As a language teacher living in an age of translation software, students often ask why do they have to learn a foreign language when there are apps and websites to do that for them.

It’s true, machine translation is faster and easier than the human process, but often as not it’s not always accurate and to the point, utterly dependent on an external device. Forget or lose your device, or run out of battery and you’re stuck.

Students have been told repeatedly that one word translations never hurt, but the longer the sentence you input into any software at this point, the higher margin for error there is. At a glance it’s obvious when a student decides to cut and paste an entire paragraph into Google Translate and hope that what comes out makes sense. No surprise, it doesn’t.

That’s not to say I don’t use translation software, I do, but only after I’ve attempted to put together a sentence in my rough Japanese first and then see how the software interprets it. And even then I’ll run it by a native Japanese before I’m sure that the Frankenstein result of my efforts is acceptable.

The fact of the matter is translation software can cope with a sentence like, ‘I like cats.’, but will strain with concepts that aren’t globally understood and it is a well known fact that there are things in the Japanese language that software simply cannot cope with this. For example, I challenge you to input 侘び寂び into Google Translate right now. Go on. Did you do it? What came out? Wabisabi in English, correct?
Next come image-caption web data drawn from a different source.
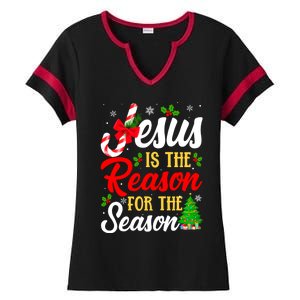 Jesus Is The Reason For The Season Christian Christmas Xmas Gift Ladies Halftime Notch Neck Tee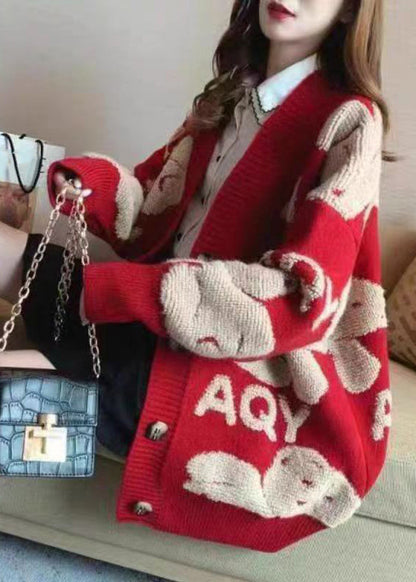 Black Animal Letter Button Cotton Knit Coat Long Sleeve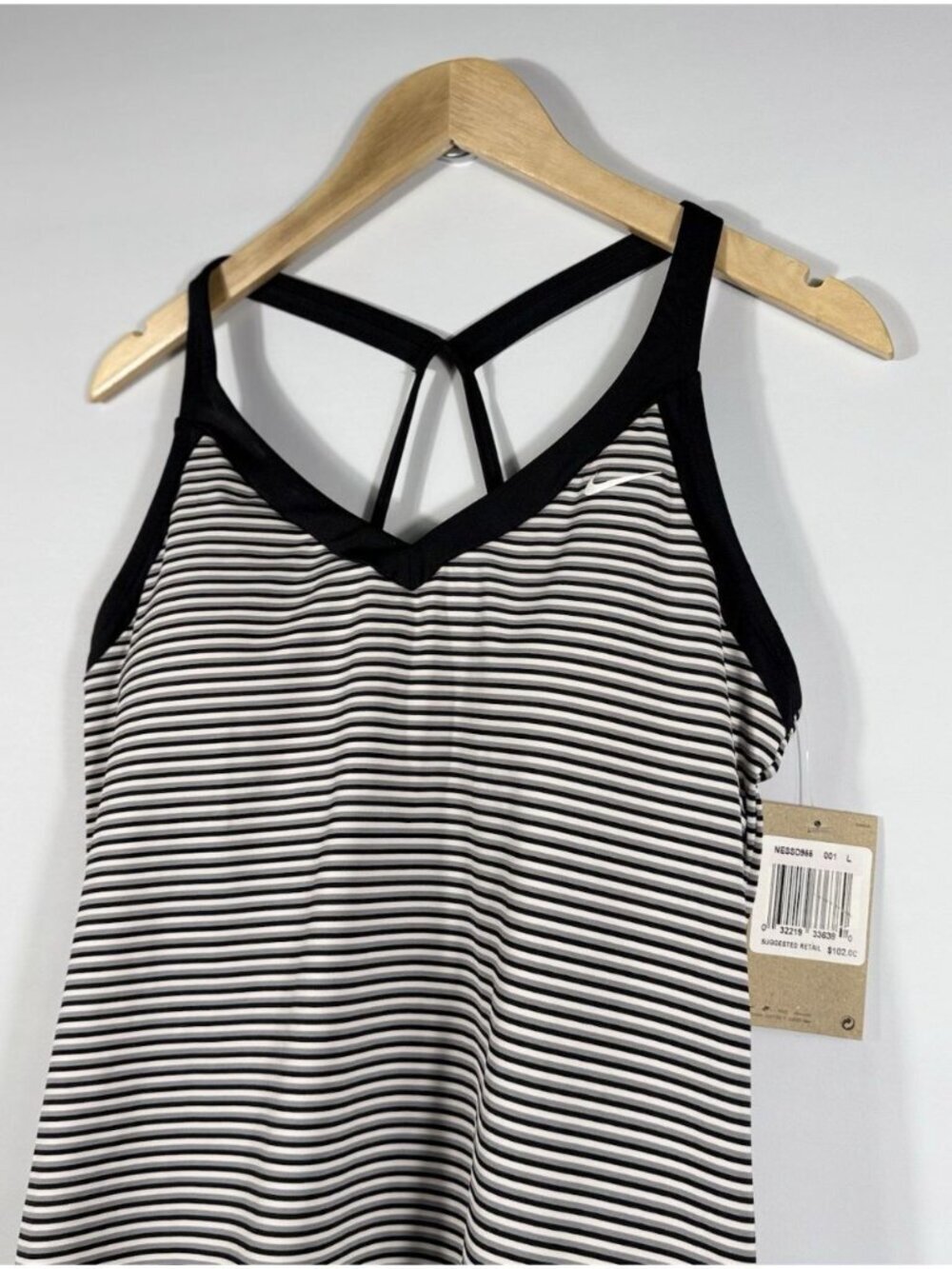 NEW Nike Women's L Striped V-Neck Swim Tankini Top & Bottom Set NWT $102 - Picture 3 of 3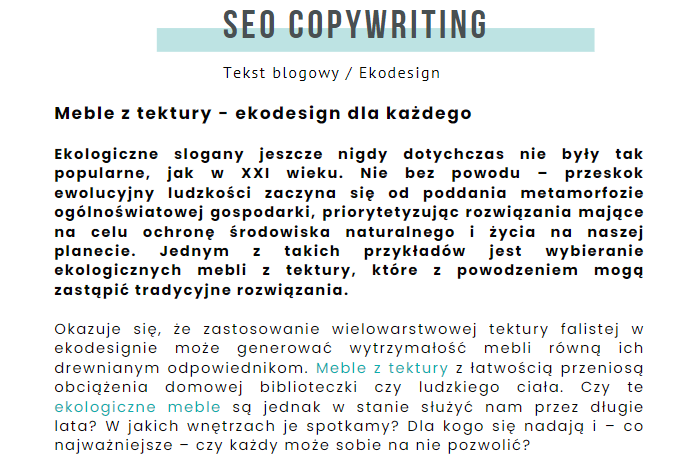 SEO Copywriting | Przykład tekstu blogowego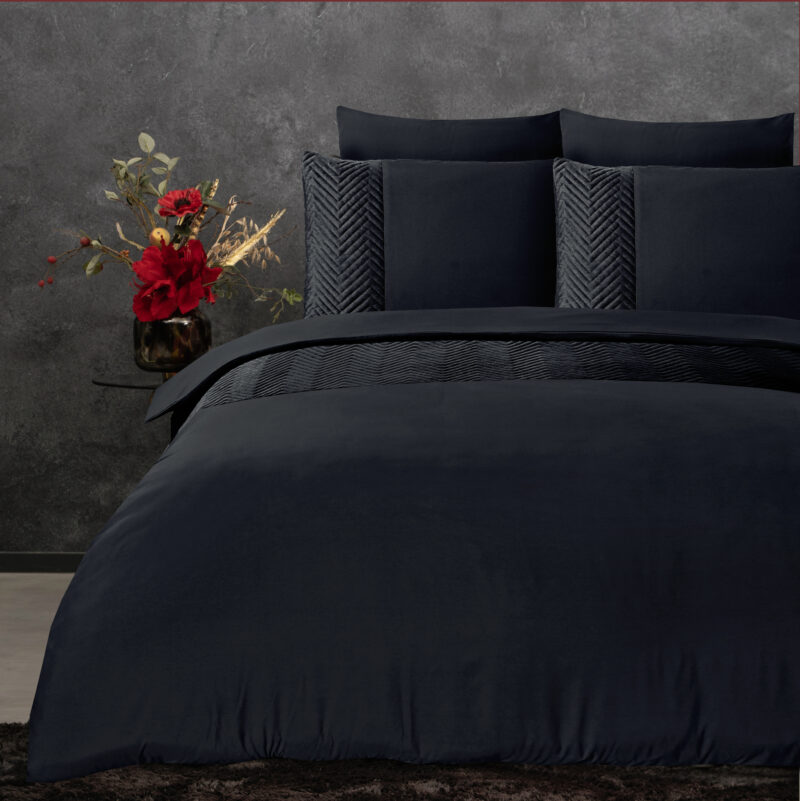 Sleeptime Velvet Crossline Zwart 200 x 200/220 cm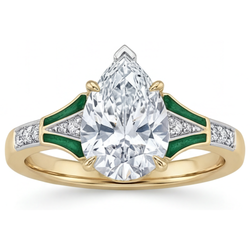 Fait à la main Diamant Bague Solitaire avec Accents 2 carats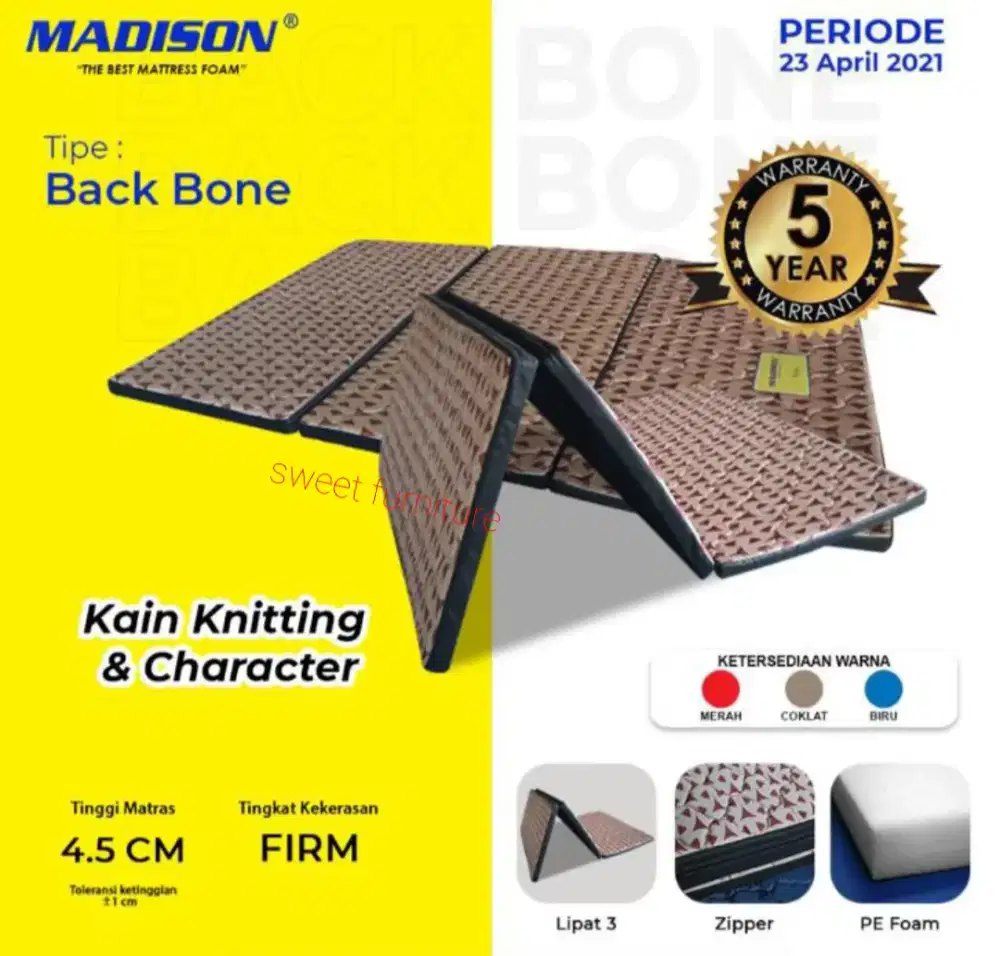 Tilam busa lipat keras back bone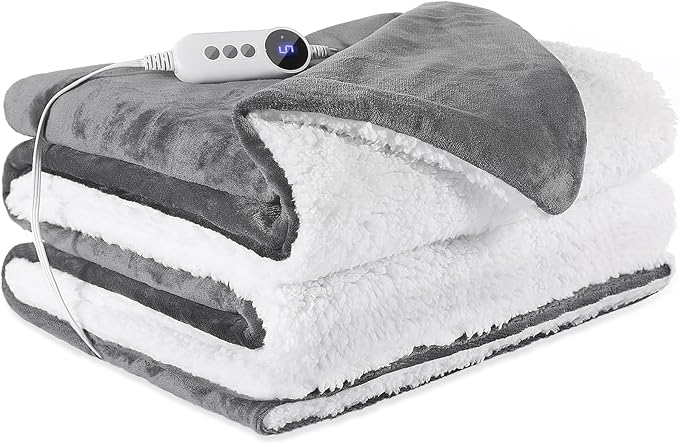 Electric Heated Blanket Twin 62''X84'', Soft & Cozy Fast Heating Blanket with 9 Heat Settings & 2-10 Hours Auto Off, ETL Certified & Overheat Protection,Gift for Grandma, Light Gray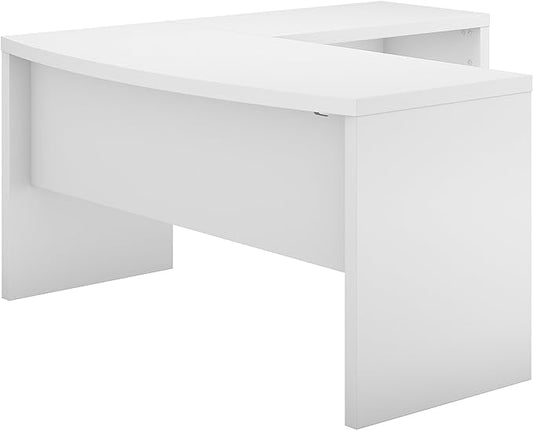 Bush Business Furniture Echo L Shaped Bow Front Desk in Pure White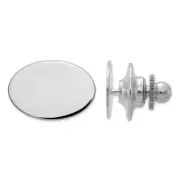 14k 14kt White Gold Oval 16mm X 11mm Polished Tie Tac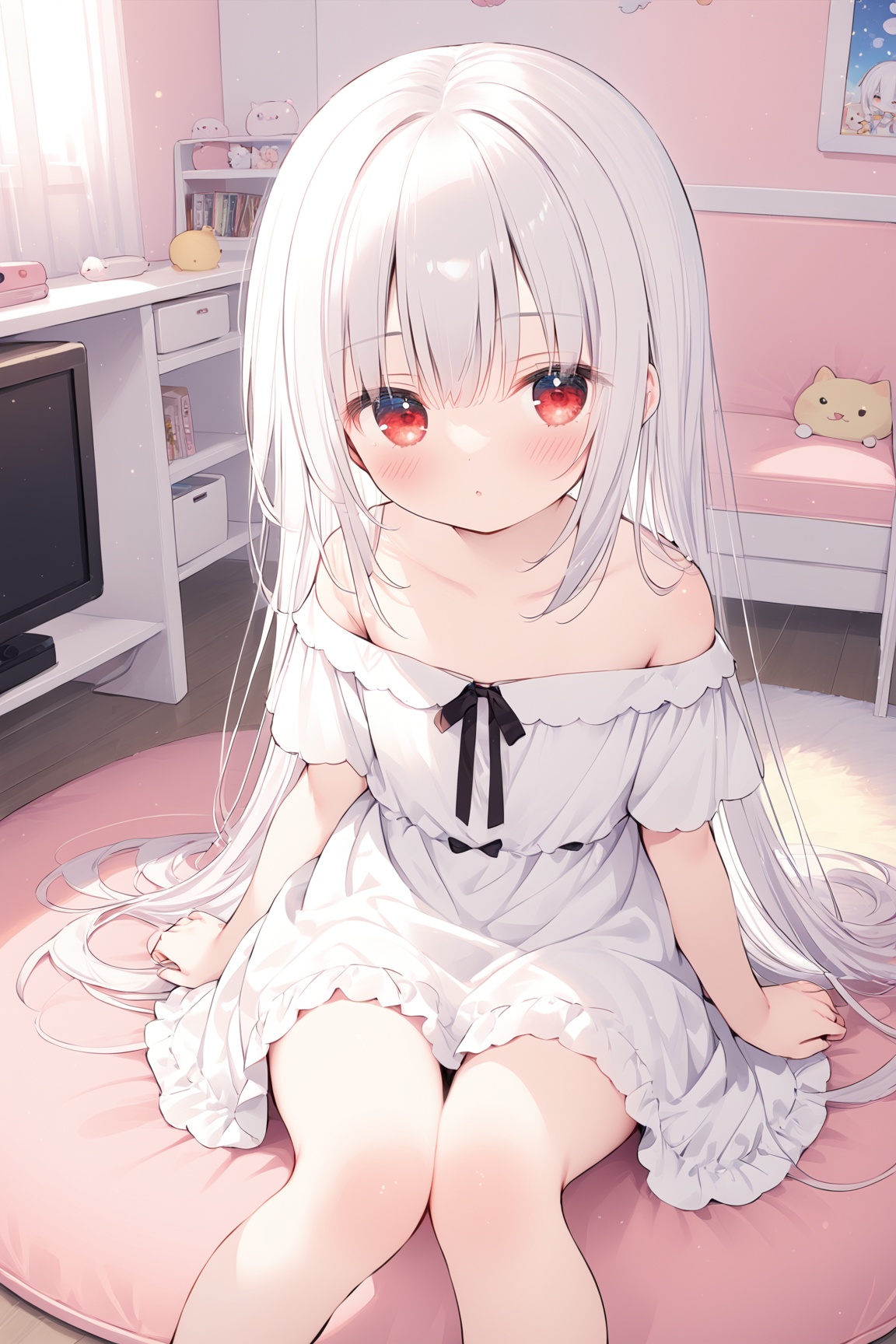 (masterpiece),(best quality)1girl,loli,student,petite,white hair,long hair,straight_hair,otaku room,white-off-shoulder_dress,red eyes,knees_together_feet_apart,,<lora:YoRHa 1.3-000030:0.5>,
So if the software cannot translate it then how as a Japanese person, perhaps showing a foreign friend around, do you explain this very Japanese concept? Well, if you’ve studied any language then chances are that you’ve picked up the culture as well and it is this acquired background info which would allow you to explain to that foreign friend that Wabisabi is a kind of aesthetic appreciating the beauty of imperfection.

Learning a language is more than cat=ねこ, some languages don’t lend themselves to A=B because the foundation of the languages are too disparate. European languages are all essentially variations of the same and therefore easier to translate, but the same cannot be said of a European language to an Asian or African one. It is only by studying the language and with it the culture that true understanding of a foreign language can happen.

For dry instructional writing translation software can handle the heavy lifting, but for human to human communication studying languages will always be paramount. So kids, study your English, unlike your phone, your mind won’t run out of power and unlike software you can cope with concepts like 侘び寂び.